Here are a few tidbits
By the Numbers: A Surprising Scale
While the app has a clean, single-page interface, the codebase that powers it is quite substantial.
- Lines of Code: The entire application, including styling, logic, and component definitions, is currently sitting at over 11,000 lines of code.
- Report Library: The "Pre-Built Reports" feature is the heart of the app. There are 57 unique, hand-crafted reports currently available, each with its own specific logic, data fetching requirements, and formatting.
- API Endpoints: To gather all its data, the app communicates with at least 7 different official API endpoints from MLB The Show (for items, captains, market listings, roster updates, etc.), plus the official MLB Stats API for real-world data and an external counter API for the page load tracker.
The Engine Room: Most Complex Features
Some of the app's most powerful features require some surprisingly complex logic to work.

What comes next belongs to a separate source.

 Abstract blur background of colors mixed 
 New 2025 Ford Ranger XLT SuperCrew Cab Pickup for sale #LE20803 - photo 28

- The "God Squad" Algorithm: The "Best Overall Squad" report (and its variants) doesn't just pick the highest-rated player at each position. It uses an "opportunity cost" algorithm. It analyzes the entire pool of eligible players and iteratively picks the player who represents the biggest "drop-off" in skill to the next-best option at their position. This ensures that a superstar isn't "wasted" at a deep position when they could be filling a much weaker spot, resulting in a squad with the highest possible total Meta Score.

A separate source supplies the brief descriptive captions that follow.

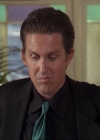 Charmed-Online-dot-221ApocalypseNot1496.jpg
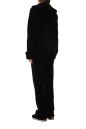 Купити Костюм спортивний Tom Ford 3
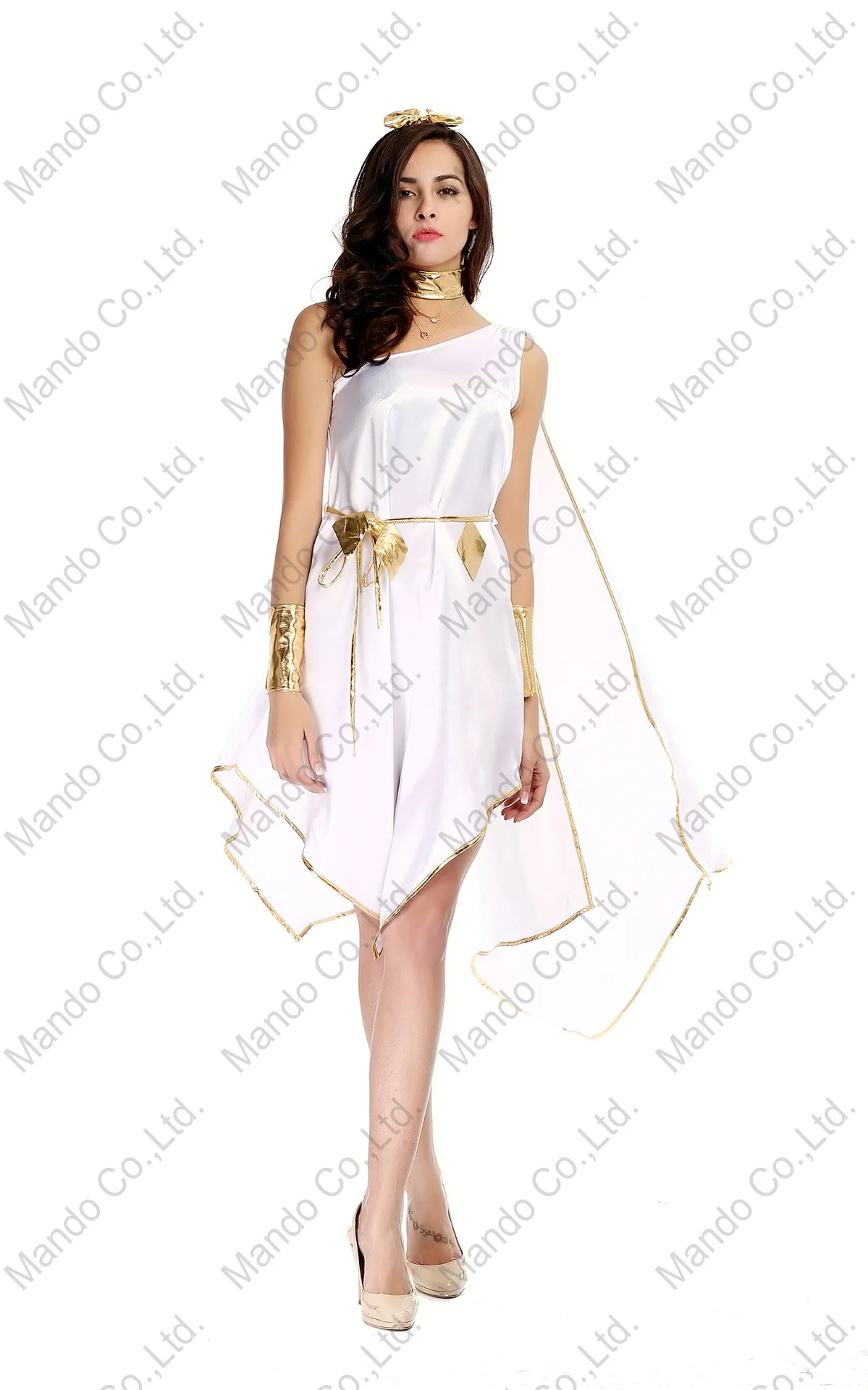 Adulto Donne Sexy dea Greca Athena Costume Cosplay vestito Bianco di  halloween Delle Ragazze del partito di Travestimento costume Abiti|greek  goddess|dress cosplaycosplay costume - AliExpress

- The Time Machine (Player History): The "History" modal for Live Series players is one of the most data-intensive features. It first fetches a list of all roster updates for the season, then makes an individual API call for each one to get the details. The most complex part is calculating the "Starting Attributes" at the bottom of the table. It has to find the player's oldest update, take their old_rank as the starting point, and then mathematically reverse-apply every single attribute change from that oldest update to reconstruct their true opening day stats.
- The Captain Eligibility Parser: The "Captain Deep Dive" report needs to figure out which players are eligible for a captain's boost. Since the rules are written in plain English (e.g., "Get 9 players from the Baltimore Orioles with 90+ Clutch"), the app uses a multi-stage parser. It first filters by theme (like a team or series), then by player type (hitter/pitcher), and finally uses regular expressions (regex) to find and apply any attribute-based rules like 90+ Clutch. It's also smart enough to recognize when a requirement is based on real-world stats it can't parse (like "World Series MVP"), and will gracefully show a message instead of an empty list. (NOTE: This Definitely needs more testing. SDS has not added captain data into the API for the last 4 captains yet)
Subtle Touches & "Easter Eggs"
- Pixel-Perfect Downloads: When you click "Download Table" or "Download Chart," the app doesn't just take a screenshot. It builds a brand new, high-resolution image from scratch on an invisible <canvas> element. It redraws every line, piece of text, and color, adding a proper title and subtitle. This is how the downloads look so clean and high-quality. The "Download Summary" for a Captain Deep Dive is the most extreme example—it fetches card images and draws the entire infographic from code.
- Smart Caching: To avoid overwhelming the game's servers, the app uses a 15-minute cache for market data. If you run the "Budget Beasts" report, then run it again 5 minutes later, it will use the stored data instantly. If you run it 16 minutes later, it will automatically fetch fresh prices.